He is excellent on walks and is great at recall. Loves his frisby, but will chase _anything_ you throw for him!

He comes with large soft bed, dinner bowl, water bowl, leads etc.

I can deliver up to around 50 miles. Please PM me to discuss further.

Here is Rocky...


----------



## rhflan (May 30, 2012)

Gorgeous dog! He sounds absolutely wonderful...I'm sure that it won't be long before you find him a new home


----------



## Jamie (Feb 21, 2010)

rhflan said:


> Gorgeous dog! He sounds absolutely wonderful...I'm sure that it won't be long before you find him a new home


Thank you, I hope I find the perfect home for him.


----------



## WhippetyAmey (Mar 4, 2012)

Does he have any issues? 

Are you 100% you have to rehome? Have you tried other options? 

ETA: ^ ignore this bit - I can see from threads you have.

He is lovely, I hope he finds a home soon


----------



## Fleur (Jul 19, 2008)

So sorry to hear this Jamie - I know from your posts how much Rocky means to you.

I hope you find the perfect home for him - he really is a gorgeous boy.

Have you tried speaking to any local rescues to see if you can continue to look after Rocky whilst they help you find a great home?


----------



## Jamie (Feb 21, 2010)

Fleur said:


> So sorry to hear this Jamie - I know from your posts how much Rocky means to you.
> 
> I hope you find the perfect home for him - he really is a gorgeous boy.
> 
> Have you tried speaking to any local rescues to see if you can continue to look after Rocky whilst they help you find a great home?


This is my next step, wanna give it a good go myself before I involve any rescue centre. I will not be putting him into kennels though, he deserves better.

He is advertised here and on preloved. I have recieved advice on people who take free dogs and sell on for profit etc, and will not be giving him to anyone I am not 110% sure about. I've already rejected one person who just sounded very dodgy.

Me and Rocky will be visiting any prospective new home first armed with 101 questions.


----------



## WhippetyAmey (Mar 4, 2012)

Jamie said:


> This is my next step, wanna give it a good go myself before I involve any rescue centre. I will not be putting him into kennels though, he deserves better.
> 
> He is advertised here and on preloved. I have recieved advice on people who take free dogs and sell on for profit etc, and will not be giving him to anyone I am not 110% sure about. I've already rejected one person who just sounded very dodgy.
> 
> Me and Rocky will be visiting any prospective new home first armed with 101 questions.
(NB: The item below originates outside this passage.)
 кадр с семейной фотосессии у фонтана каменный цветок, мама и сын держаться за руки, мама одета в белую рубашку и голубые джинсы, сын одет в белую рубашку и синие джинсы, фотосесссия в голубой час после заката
Lots of travellers try and take free dogs for fighting, I believe. Have you tried Pets4Homes, or anything like that?


----------



## Cleo38 (Jan 22, 2010)

Am so sorry that you haven't any other option. How is he with being left on his own whilst you are at work? Does he have any problems with this?


----------



## simplysardonic (Sep 1, 2009)

WhippetyAmey said:


> Lots of travellers try and take free dogs for fighting, I believe. Have you tried Pets4Homes, or anything like that?


Believe me, Jamie will make sure he goes to a 5 star home

Sorry you have to rehome him Jamie


----------



## Jamie (Feb 21, 2010)

WhippetyAmey said:


> Lots of travellers try and take free dogs for fighting, I believe. Have you tried Pets4Homes, or anything like that?


I placed an advert on there today 



Cleo38 said:


> Am so sorry that you haven't any other option. How is he with being left on his own whilst you are at work? Does he have any problems with this?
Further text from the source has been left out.